The Concept of Dissociation: Franz Anton Mesmer and the Marquis de Puységur

The name Franz Anton Mesmer (1734-1815) is often evoked with respect to the evolutionary history of hypnosis. In actual fact he’s something of an ancillary pioneer, having stumbled upon the technique completely by chance. But save for this remarkable discovery he was also responsible for the foundation of a philosophical system that would facilitate the mid-nineteenth century emergence of Victorian occultism, an innovative breed of esoteric inquiry which went on to dominate twentieth century interpretations of the Hermetic Art.

Born on May 23rd 1734 in the village of Iznang in Swabia, Austria, Mesmer received formal training in medicine at the University of Vienna. There he wrote a doctoral dissertation entitled De planetarum influxu in corpus humanum (On the Influence of the Planets on the Human Body) in which he attempted to explicate the aetiology of disease in terms of planetary alignments, oppositions and conjunctions.

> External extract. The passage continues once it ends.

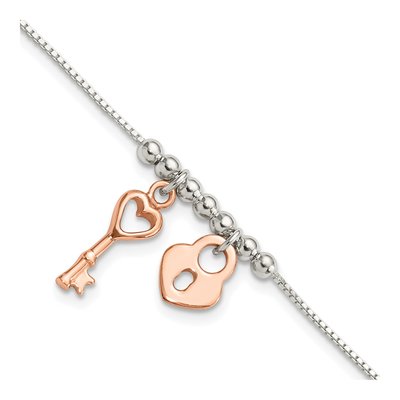 Sterling Silver Lock Key Bracelet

Drawing upon Newtonian theory, Mesmer postulated that the universe was comprised of a base substance, a so-called ‘psychic ether’ that pervaded all things, living and animate or inert and inanimate. This ‘psychic ether’ mimicked the ebbs and flows of the ocean in that it was in a constant state of cyclical influx and efflux, washing itself upon the shores of the cosmic animal that is Mother Nature and the conscious inhabitants of her three kingdoms. At some point, it occurred to him that illness or general malaise might be a tangible expression of uneven or irregular distributions of ‘psychic ether’ within the human body spurred by a corporeal blockage of some sort. By extension of this esoteric philosophy, Mesmer became convinced that all bodies secreted ‘etheric’ radiations that insentiently influenced the homeostatic balance and composition as well as the moods of all other bodies. During the early 1770s he proceeded to test the legitimacy of natural energy transference upon a number of patients with the use of magnets. According to the latter, aches and pains would diminish and eventually disappear after he’s spent some time caressing and ‘magnetizing’ various body parts. Mesmer called this mysterious phenomenon ‘animal magnetism’. 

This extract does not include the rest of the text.